Assistant City Council Fiscal Officer David Gavlinski said he learned of the increased cost when his office was using the city’s computerized budget system to prepare the council’s budget reports for 2014. The system automatically put the council’s workers’ comp cost at $1,700 per employee, he said.
In September, New Orleans Inspector General Ed Quatrevaux told The Lens that a budget document showed a “similar increase” in his office’s personnel budget. In a follow-up email Wednesday, Quatrevaux said he has since been told that his office would not see such an increase.
Chief Administrative Officer Andy Kopplin “told me by phone that the OIG cost allocation would remain at last year’s $326/per capita, and not be increased as originally stated,” Quatrevaux wrote.

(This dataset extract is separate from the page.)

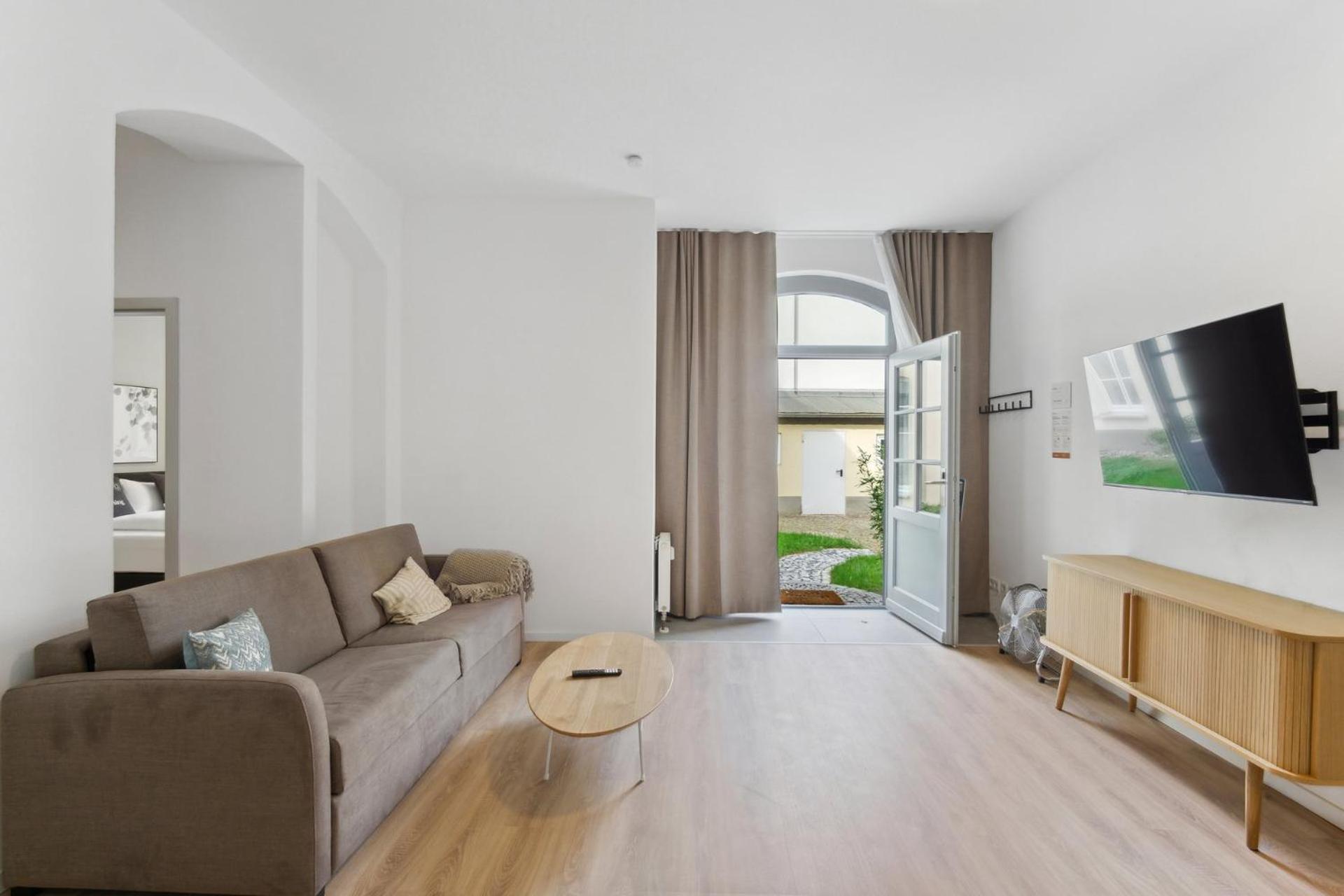 One-Bedroom Suite,1547296408:JPEG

In a Wednesday phone interview, City Council Fiscal Officer Calvin Aguillard said the administration has not given his office an update since he saw the $1,700 rate in late August. He added, however, that the figure could change after Thursday’s report.
Rather than buying insurance to pay claims for workers injured on the job, the city self-insures, putting a certain amount into its program based on the risk factors of certain types of employees.
As a December 2012 Office of Inspector General report on workers’ compensation cost shows, the $300 figure applies to about 1,900 of the city’s low-risk workers. Per-employee costs for higher-risk employees are greater — up to $3,400 for police officers and $13,800 for firefighters.
In the August meeting, Grant said the city had hired a forensic auditor to review claims data from Hammerman and Gainer Inc., the company hired last year to manage the program for an annual fee of $610,000. The Office of Inspector General’s report noted that the program had not undergone an independent audit in more than a decade.
Last month, Kopplin said rates for all employee categories will go up next year, but he did not say how much. Asked to explain the sharp increase reported by the Council Fiscal Office, Kopplin said, “We’ve gotten some questions on that so we’re looking into whether workers comp has been calculated correctly.”